We all have our standards for grocery shopping… that list of do’s and don’ts for what we choose. Maybe it’s a choice of organic produce and/or ingredients. Maybe it’s a matter of avoiding certain contents, like artificial ingredients. Maybe it’s just looking for the overall healthiest choices.
But above and beyond the food we select, there are many ways we can make our grocery store trip “greener”. Consider these 10 simple ways:
- Buy the most minimal packaging. Consider things like fresh breads. They often come in paper bags that can be recycled – a far better choice than plastic wrappers (sometimes double-wrappers!) of mass-produced bread. This holds true for many products. Select those with minimal or the most recyclable packaging.
- Buy a chunk or a brick of sliced cheese over the individually-wrapped version. A package of 24-slices will include 24 sheets of plastic otherwise.
- Buy the big can instead of multiple smaller cans – less packaging and less to recycle. If it’s more than you need, put a reusable container to work and store it in your freezer until you do need it!
- Buy local, every time you can! Did you know that produce in the US travels between 1,500 to 2,500 miles before it even reaches your grocery store? … lots of emissions are created to make that happen!
- Choose fresh over frozen or canned. They use a lot less energy… from the energy used to process and manufacture them, to the energy needed for storage… choose fresh!
- Choose sustainable wild fish over farm-raised – they actually contain less metals and create less contaminates since the concentration of farm-raised fish creates high levels of contaminating waste that will eventually reach our water sources.
- Buy a gallon of milk or juices versus multiple 2-quarts, and buy in boxes versus individual packages.

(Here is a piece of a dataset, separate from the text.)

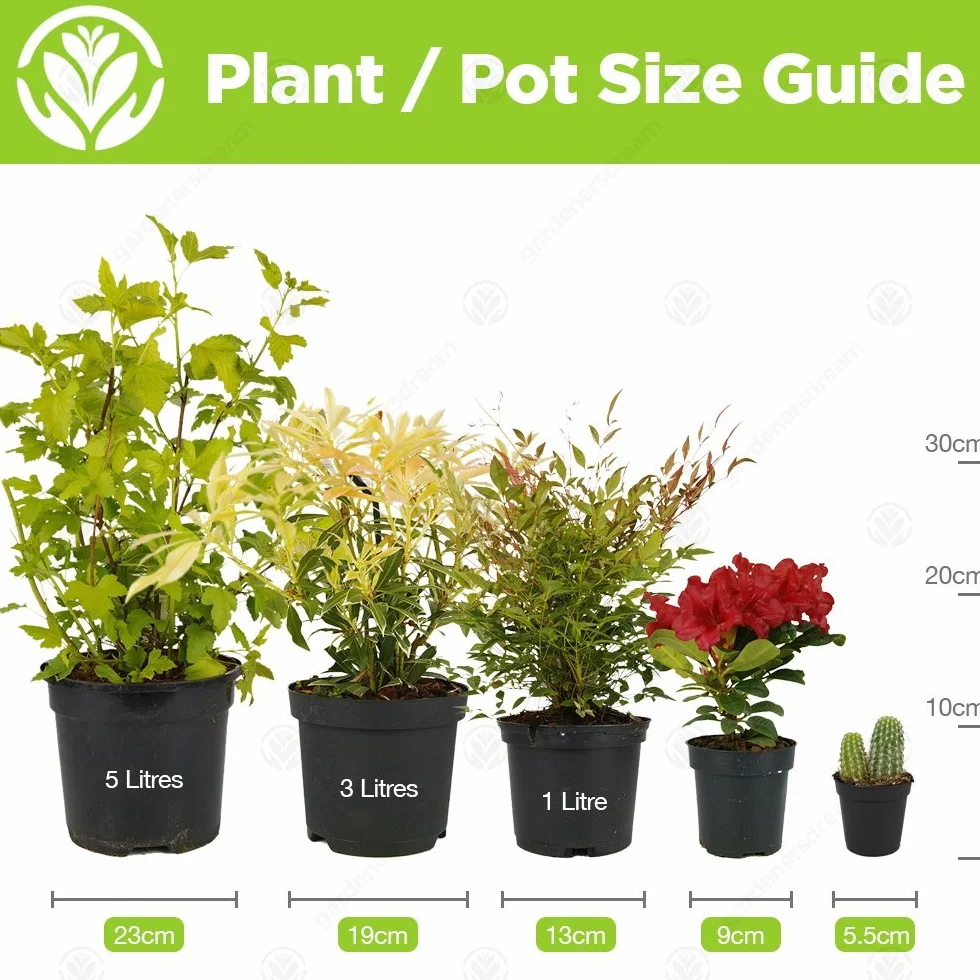 Collection Cactus Mixtes Vert - 10 Sortes Différentes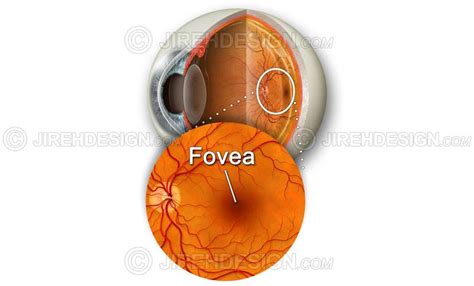 Fovea illustration depicting the center of the macula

This often means one recyclable container versus two non-recyclable cartons, and one recyclable box over a dozen plastic wrappers. It’s obvious and fairly easy to break down single-servings into reusable containers.
- Embrace the soybean! They’re a fabulous source of protein and cost a lot less than cattle farming! If you replaced one beef meal per month with a soybean product, it would save TWENTY THOUSAND GALLONS of water per year!
- Shop the counter. Buy meats at a counter where you can select the exact amount you need. Prepackaging ends up in excessive waste and often the needless disposal of foods when you “have too much”.
- No paper, no plastic, no arguments! Reusable bags are the only option.
It’s Friday. Now get to shopping… but just remember to think “green-ER” before you buy!